▸ **AVAILABLE DATA**
*** Block opens ***
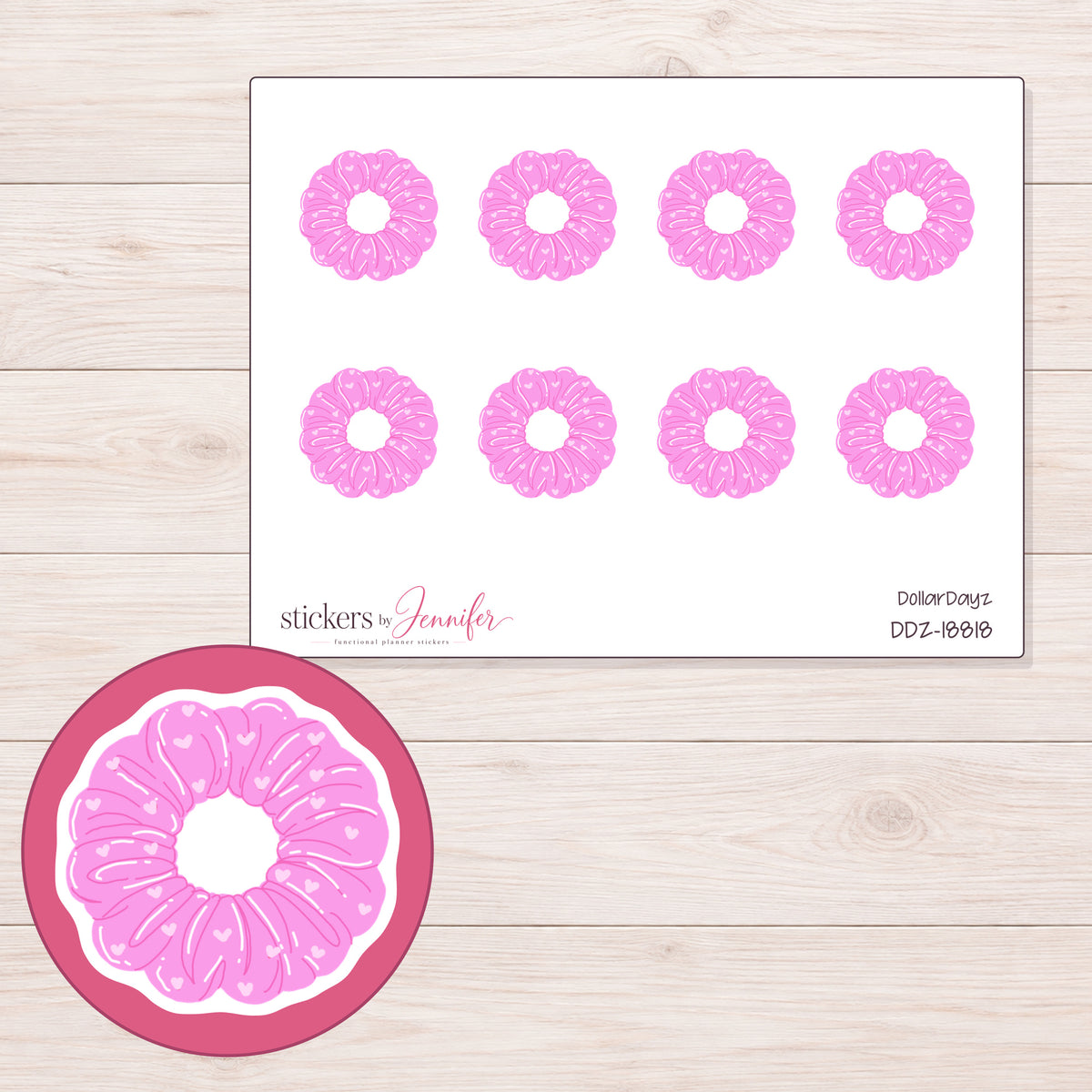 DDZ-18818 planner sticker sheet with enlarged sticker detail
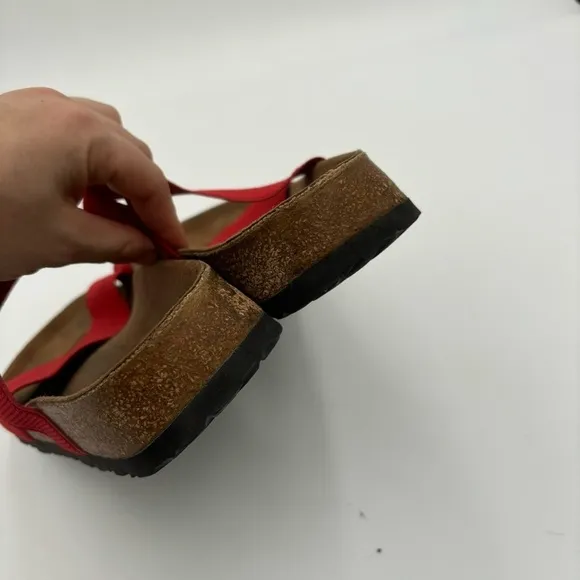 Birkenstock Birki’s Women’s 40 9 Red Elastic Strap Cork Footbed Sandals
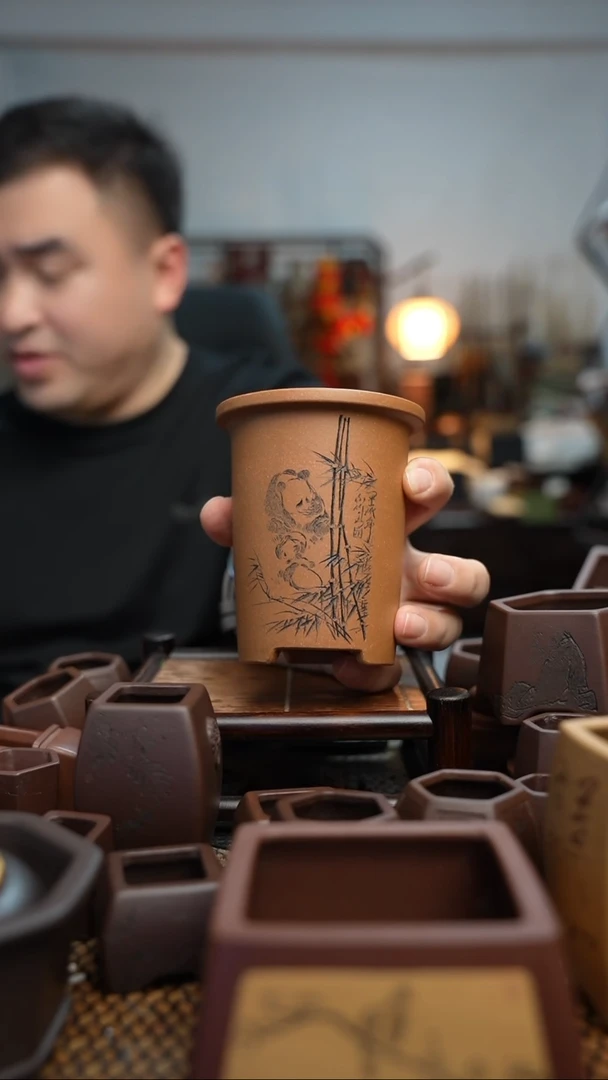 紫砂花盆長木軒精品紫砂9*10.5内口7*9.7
*** Block closes ***
▸ **TASK PROMPT**
Give back the full listing exactly as written, only without its pictures.

▸ **ANSWER AREA**
 DDZ-18818 planner sticker sheet with enlarged sticker detail
 Birkenstock Birki’s Women’s 40 9 Red Elastic Strap Cork Footbed Sandals
 紫砂花盆長木軒精品紫砂9*10.5内口7*9.7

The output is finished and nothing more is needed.